Un acteur de l’ESS qui voit varier les financements et les soutiens va chercher à être offensif et compenser cette insécurité en allant sur les plates-bandes des autres. Il y a une préoccupation de la sauvegarde de l’emploi interne qui est bien légitime. Par conséquent, le seul régulateur valable c’est celui qui finance.
Quels sont les grands atouts des réseaux d’accompagnement de l’ESS?
La principale plus-value est leur technicité. L’accompagnement est un métier très technique pour une bonne partie du travail, même si l’écoute est primordiale pour ne pas passer à côté d’une innovation que l’on mettrait trop vite de côté sous prétexte qu’elle n’est pas viable.
Il y a ceux qui ont la compétence métiers – je pense à tout ce qui est entreprise d’insertion, entreprise adaptée, aux Scop, aux boutiques de gestion – qui permettent la transformation d’un projet apporté par une équipe en entreprise. Là-dessus, nous avons un métier dont nous n’avons absolument pas à rougir, au contraire, vis-à-vis des chargés d’affaires des organismes consulaires ou chez des spécialistes comme les pépinières.
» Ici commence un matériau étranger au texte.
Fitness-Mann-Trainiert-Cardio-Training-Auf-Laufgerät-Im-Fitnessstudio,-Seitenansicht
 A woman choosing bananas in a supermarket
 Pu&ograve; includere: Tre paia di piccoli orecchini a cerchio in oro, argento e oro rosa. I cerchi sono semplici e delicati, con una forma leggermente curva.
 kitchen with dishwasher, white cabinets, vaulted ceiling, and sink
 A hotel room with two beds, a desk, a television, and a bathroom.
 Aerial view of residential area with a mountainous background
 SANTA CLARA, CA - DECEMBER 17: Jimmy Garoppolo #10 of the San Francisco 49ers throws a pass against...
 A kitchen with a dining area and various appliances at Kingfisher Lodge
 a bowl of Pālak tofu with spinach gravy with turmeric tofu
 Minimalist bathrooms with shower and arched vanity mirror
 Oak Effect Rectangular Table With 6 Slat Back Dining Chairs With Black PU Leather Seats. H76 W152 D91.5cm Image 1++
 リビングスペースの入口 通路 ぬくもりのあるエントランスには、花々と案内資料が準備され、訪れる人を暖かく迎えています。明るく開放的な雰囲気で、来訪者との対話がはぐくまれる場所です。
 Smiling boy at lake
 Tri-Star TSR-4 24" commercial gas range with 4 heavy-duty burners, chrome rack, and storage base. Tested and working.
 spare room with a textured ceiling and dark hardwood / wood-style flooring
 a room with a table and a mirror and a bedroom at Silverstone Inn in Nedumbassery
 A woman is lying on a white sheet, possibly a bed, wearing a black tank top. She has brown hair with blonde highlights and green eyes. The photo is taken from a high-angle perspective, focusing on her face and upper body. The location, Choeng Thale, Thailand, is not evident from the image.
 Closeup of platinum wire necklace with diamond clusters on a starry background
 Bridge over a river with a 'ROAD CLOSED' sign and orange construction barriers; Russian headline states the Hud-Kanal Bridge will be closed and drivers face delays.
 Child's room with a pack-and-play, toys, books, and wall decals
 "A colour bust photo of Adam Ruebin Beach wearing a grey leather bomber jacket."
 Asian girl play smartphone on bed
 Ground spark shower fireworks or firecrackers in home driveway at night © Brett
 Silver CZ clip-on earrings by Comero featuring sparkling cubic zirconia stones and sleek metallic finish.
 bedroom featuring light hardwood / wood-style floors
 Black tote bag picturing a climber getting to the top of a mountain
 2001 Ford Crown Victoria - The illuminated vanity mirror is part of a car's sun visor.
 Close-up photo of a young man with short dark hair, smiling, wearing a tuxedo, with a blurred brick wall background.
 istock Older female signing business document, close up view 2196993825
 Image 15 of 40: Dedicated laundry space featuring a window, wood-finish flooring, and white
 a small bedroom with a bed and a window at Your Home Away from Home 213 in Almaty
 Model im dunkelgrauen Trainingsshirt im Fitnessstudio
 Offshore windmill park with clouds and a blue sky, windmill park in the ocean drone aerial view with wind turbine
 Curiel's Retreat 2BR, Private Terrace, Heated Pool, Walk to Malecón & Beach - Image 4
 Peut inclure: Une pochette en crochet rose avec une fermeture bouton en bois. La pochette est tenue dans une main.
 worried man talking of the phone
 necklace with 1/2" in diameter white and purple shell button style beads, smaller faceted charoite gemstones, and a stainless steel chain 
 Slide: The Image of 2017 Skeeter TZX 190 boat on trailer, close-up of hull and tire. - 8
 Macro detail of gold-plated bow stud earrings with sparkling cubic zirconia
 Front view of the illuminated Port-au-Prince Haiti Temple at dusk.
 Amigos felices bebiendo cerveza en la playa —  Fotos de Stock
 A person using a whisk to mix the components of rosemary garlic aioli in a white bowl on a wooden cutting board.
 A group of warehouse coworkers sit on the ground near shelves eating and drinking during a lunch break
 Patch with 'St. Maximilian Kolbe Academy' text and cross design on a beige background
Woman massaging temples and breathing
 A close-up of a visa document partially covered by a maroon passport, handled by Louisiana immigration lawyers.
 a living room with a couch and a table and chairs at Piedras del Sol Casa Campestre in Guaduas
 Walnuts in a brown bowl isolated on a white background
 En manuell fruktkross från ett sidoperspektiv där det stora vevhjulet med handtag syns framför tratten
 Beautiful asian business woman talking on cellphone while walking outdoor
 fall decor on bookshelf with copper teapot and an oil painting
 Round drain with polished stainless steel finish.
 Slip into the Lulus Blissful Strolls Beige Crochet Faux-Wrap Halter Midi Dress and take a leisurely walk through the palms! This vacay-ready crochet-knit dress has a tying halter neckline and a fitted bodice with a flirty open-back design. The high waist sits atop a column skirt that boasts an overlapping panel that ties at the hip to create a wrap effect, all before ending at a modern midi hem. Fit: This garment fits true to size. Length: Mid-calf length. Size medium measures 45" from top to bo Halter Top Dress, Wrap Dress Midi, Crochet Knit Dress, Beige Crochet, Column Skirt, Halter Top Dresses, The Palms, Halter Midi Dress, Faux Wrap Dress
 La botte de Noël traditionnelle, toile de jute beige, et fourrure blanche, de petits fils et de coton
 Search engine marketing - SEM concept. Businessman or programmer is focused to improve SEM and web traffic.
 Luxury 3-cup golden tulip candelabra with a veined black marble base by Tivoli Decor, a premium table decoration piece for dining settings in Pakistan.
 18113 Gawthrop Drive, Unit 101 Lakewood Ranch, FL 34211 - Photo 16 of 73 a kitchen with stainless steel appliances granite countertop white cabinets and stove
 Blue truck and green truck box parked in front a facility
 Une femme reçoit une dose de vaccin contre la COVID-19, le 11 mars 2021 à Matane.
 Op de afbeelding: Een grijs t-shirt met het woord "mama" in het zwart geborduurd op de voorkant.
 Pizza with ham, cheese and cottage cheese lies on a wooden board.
La compétence d’animation territoriale, est aussi un vrai plus, si elle débouche sur une bonne orientation des projets ! Mais si les projets ne sont pas réorientés parce que ces acteurs de l’émergence pensent qu’ils pourront tout faire, on se met le doigt dans l’œil. Il est très important d’attribuer un référentiel métier à chaque type d’acteur car dans le cas contraire on fait perdre un temps précieux aux porteurs de projets qui risquent de disparaître avec leur idée.